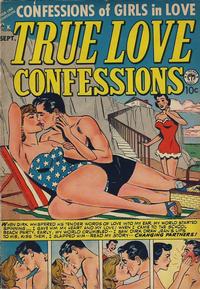 Cover Thumbnail for True Love Confessions (Premier Magazines, 1954 series) #3
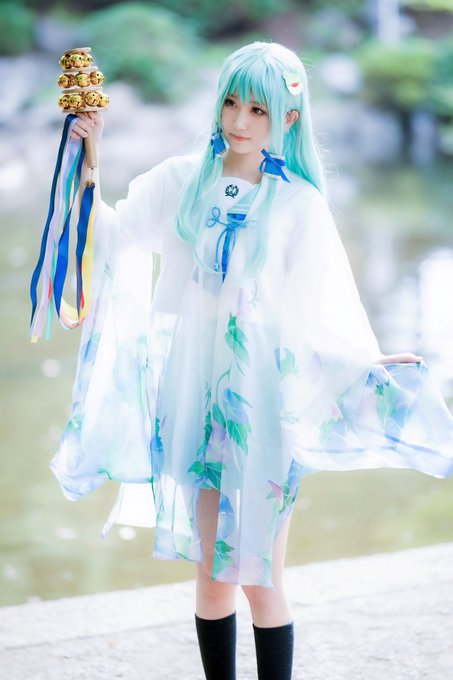 Twitterのコスプレ画像7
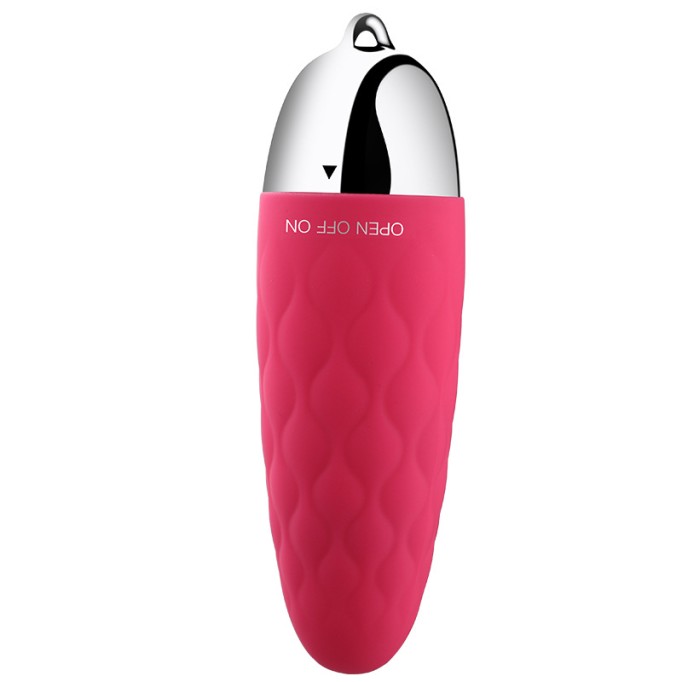 Meier Wireless Silicone Mini Sex Vibrator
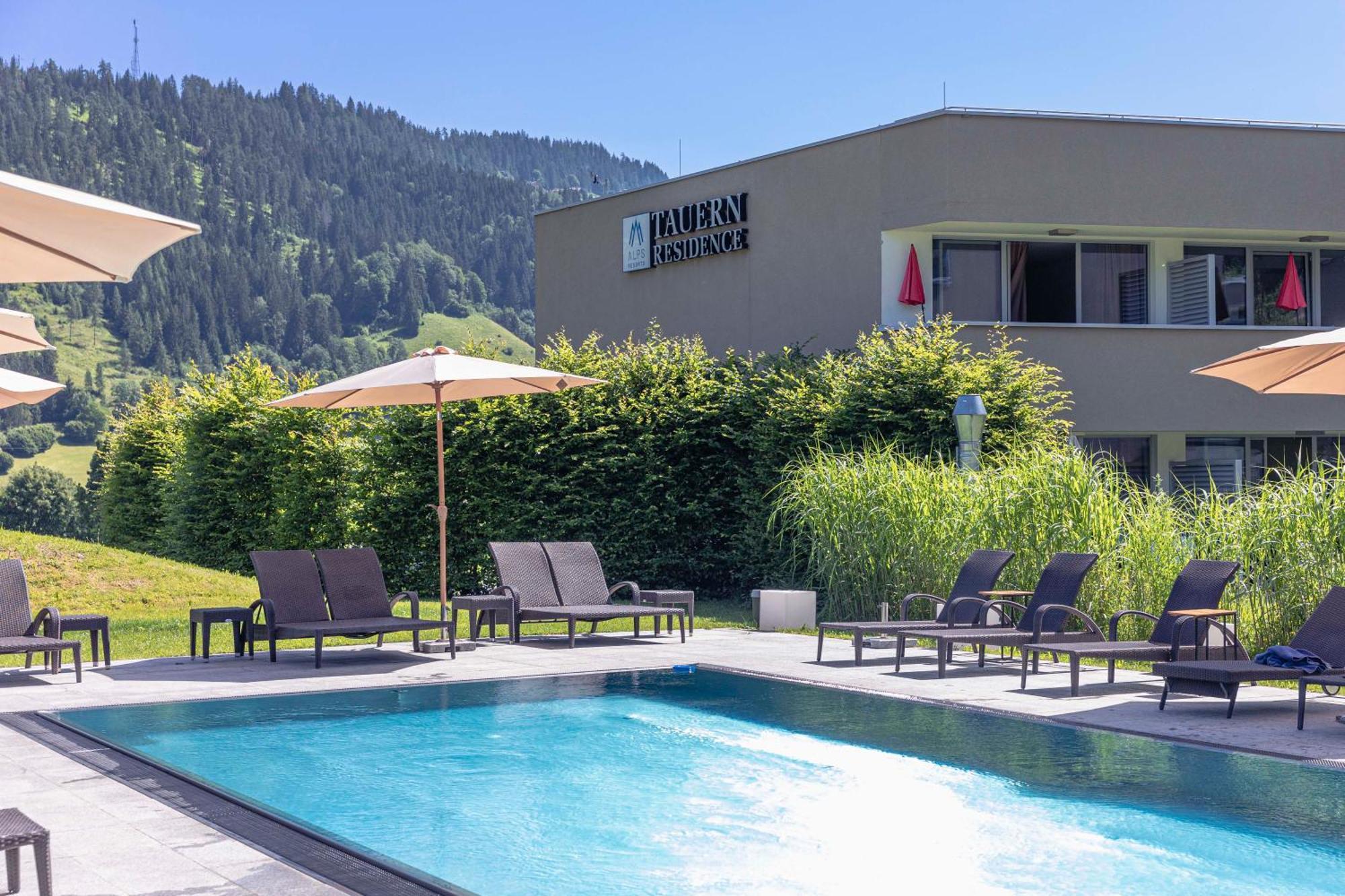 Tauernresidence Radstadt By Alps Resorts Luaran gambar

§ TASK ITEM:
Quote the material exactly. Pictures stay out.

§ SOLVED PROBLEM:
 Cover Thumbnail for True Love Confessions (Premier Magazines, 1954 series) #3
 Twitterのコスプレ画像7
 Meier Wireless Silicone Mini Sex Vibrator
 Tauernresidence Radstadt By Alps Resorts Luaran gambar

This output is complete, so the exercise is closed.